About this site

This site contains my composition notebooks, the first few volumes in part, and as a complete record from 25 March 2019 onwards. I am a composer, performer and artist, currently (2021) working towards my PhD in interdisciplinary composition. My research questions the division of private and public in the generative creative spaces of notebook and studio, and is being undertaken through practice-based research.

This site is the result of an extended research experiment which began with the question ‘what if I published my notebooks online?’. The full details of the steps this question took me through, which evolved how I work in my notebooks so as to be suitable as a simultaneously private and public practice, is published in ‘As If Unobserved: Experiments toward a publicly visible composition practice’, but in brief, simply asking the question revealed unexpected problems with my practice as it existed at the start of this project. In addressing these problems, I changed how I worked several times, resulting in three distinct approaches as well as a host of smaller changes.

I work mainly through writing, but also with drawing and embodied performance and improvisation, and these approaches have been consistent throughout. The three main approaches are:

  1. Principally working in longhand, legible writing. These books are not represented in this collection due principally to issues surrounding the privacy of other people .
  2. Working in altered books, starting to work with illegible ‘overwriting’, increasingly working with drawing in combination with writing. Copyright issues mean that these volumes are only partially represented in this collection, with pages that show significant amounts of legible content from the original volume being omitted.
  3. A hybrid diary format using overwriting, annotations, drawing, collage, and positioning composition activity within the context of my everyday life. These books are my day-to-day working diaries and are represented in full here. Monthly calendars and weekly planner pages have been obscured as they add little information in this context, but their inclusion in the books helps me plan my work and use initials only in place of names in the daily entries. Some content has been obscured where it is not relevant to the context and either portrays people who may not have given their consent to be included in this project, or is the result of an oversight (e.g. forgetting to use just initials and instead using someone’s name).

Why publish at all?

The first reason is educational.

As an undergraduate composer I had little understanding of what was a ‘normal’ composition practice. I suffered from imposter syndrome because I constantly felt that what I read in composer interviews and biographies did not in any way resemble the fits and starts of my own practice. It took me many years to realise that, firstly, every composer’s practice will be different – some will write quickly, easily and prolifically, while others will struggle and produce pieces only occasionally. Neither is better than the other, and being more on the latter end of the scale, I felt it was important that there be some way that emerging composers can see a professional practice that often does not flow easily, that squeezes into gaps between travel and family commitments, that sits alongside reminders to “tidy something/clean something” and recurringly-not-completed tasks. I don’t set this up as a model of a practice, as something to aspire to, but as something that demonstrates that a cobbled-together mess of a practice can still be the practice of a professional composer.

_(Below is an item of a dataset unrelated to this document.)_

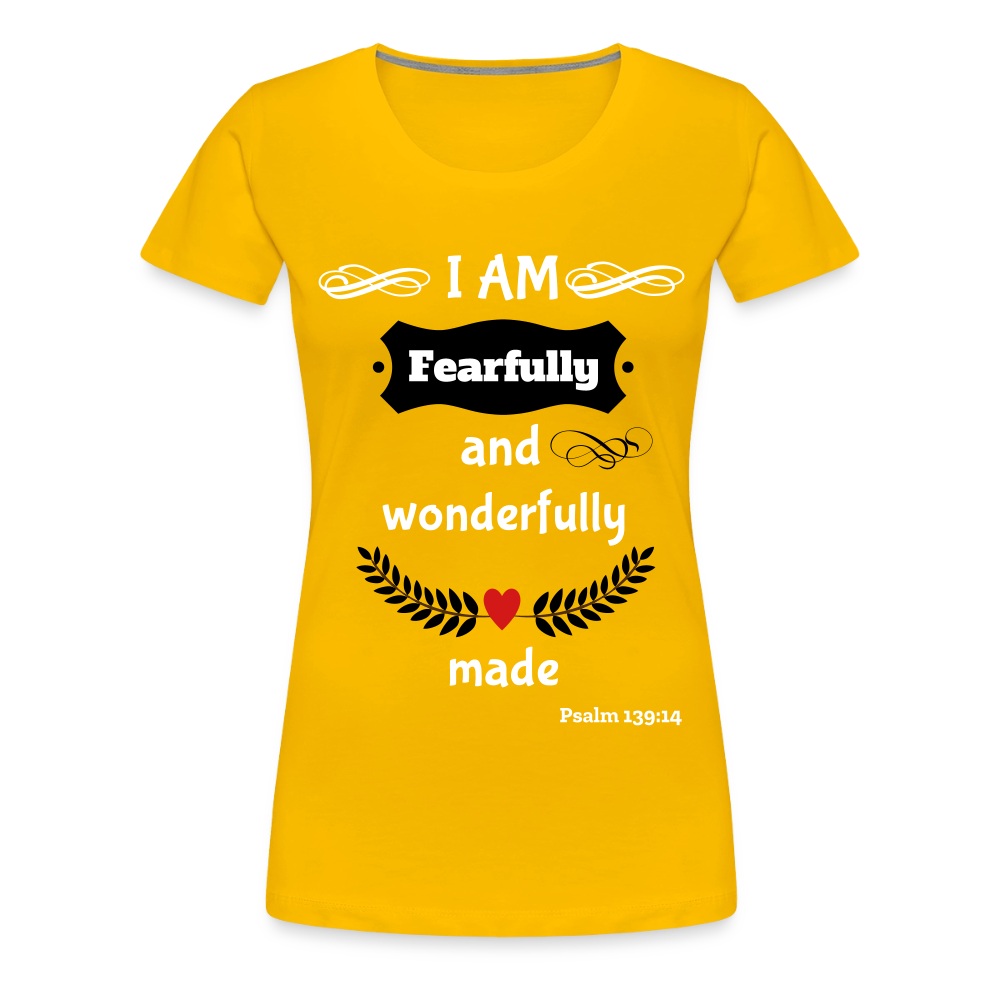 Fearfully Wonderfully Made Women's Premium T-Shirt - sun yellow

The other reason is political.

Classical composition continues to struggle with issues of diversity and with undervaluing of the activity of composition (e.g. being asked to work for free), and I feel that understanding how composition fits into everyday life, and particularly the aspect of time – how long a piece takes to create, how the ideas slot in around everything else that goes on – can play an important role in starting to address these issues. I present these notebooks as a case study of how these things work for one composer. I feel that my situation is closer to the ‘privileged’ and ‘time-rich’ end of the spectrum. I juggle composing with the demands of multiple ‘day jobs’, performing work, teaching, working towards my PhD; I have health issues I need to manage – but I don’t have children, I don’t have relations I’m caring for, I don’t have to allot mental space and energy to deal with racism, for example, in my daily life. If it takes me, with my relative privilege, on average 8 or 9 months to complete a 10-minute piece, how much harder is it likely to be for someone who is not so privileged, and who has even greater demands on their time? I don’t claim that this site will answer any great questions in this matter, or for that matter will prompt any great changes – I see it as simply making material available that perhaps might prompt discussions, or at least allow more people to understand how a composer works, not in terms of how they put sounds together, but in terms of how they assemble their life and career.